Cuando llegué, sentado en una mesa había un poli gordo de esos que parece que se haya comido una caja entera de donuts él solo para almorzar. Se ve que en los cuerpos y fuerzas de seguridad del estado ya no prima la forma física. Me acerqué a él y le pregunté que dónde tenía que ir para denunciar un robo. Tan amable como delgado era, me contestó que él era el encargado de esos casos pero que por el momento estaba muy ocupado, que me sentase a esperar que pudiera atenderme. Intenté convencerle de que sería un segundo y que tenía prisa por volver al trabajo pero el muy tocino me ignoró, y me instó a sentarme en una diminuta sala de espera rodeado de gente con unas pintas muy raras. Había una chica de veintimuchos vestida con una minifalda, un top lleno de lentejuelas y unas botas que le llegaban por encima de las rodillas con unos tacones enormes, por cierto. Era guapa, pero llevaba demasiado maquillaje. Parecía una... Oh... Vale... Esto... Bueno, también había una señora de mediana edad con cara de pocos amigos a la que por lo que pude escuchar habían llamado para ir a buscar a su hijo que estaba en el calabozo, y un hombre anciano que afirmaba fervientemente que su vecina del primero le había robado la dentadura postiza cuando subió a por sal.
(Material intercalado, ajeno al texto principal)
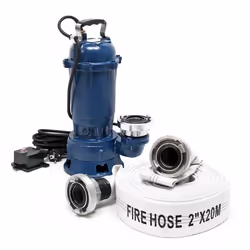 Wiltec Pompe pour Eaux usées B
Ya ves tú que disparate, ¿para qué querría la dentadura una tía de 40 años? ¿Para venderla en el mercado negro? Como le gusta a la gente mayor tocar los cojones, seguramente la había dejado en la cocina o en el cuarto de baño y ni se había dignado a buscarla como es debido.
A todo esto, la sala en la que estábamos era un señor cuchitril. Cinco sillas de lo más incómodo que te podrías echar a la cara y una mesa de café que sólo servía para apoyar los pies, porque no había ni una sola revista para amenizar la espera en plan consulta del dentista cuando vas a hacerte una endodoncia. Así que me puse a jugar al tetris en mi móvil pero no fue un pasatiempo muy duradero... Porque se me acabó la batería a los dos minutos ¡Maldita sea! No era mi día... Por suerte me avisaron en seguida de que el poli rollizo me atendería.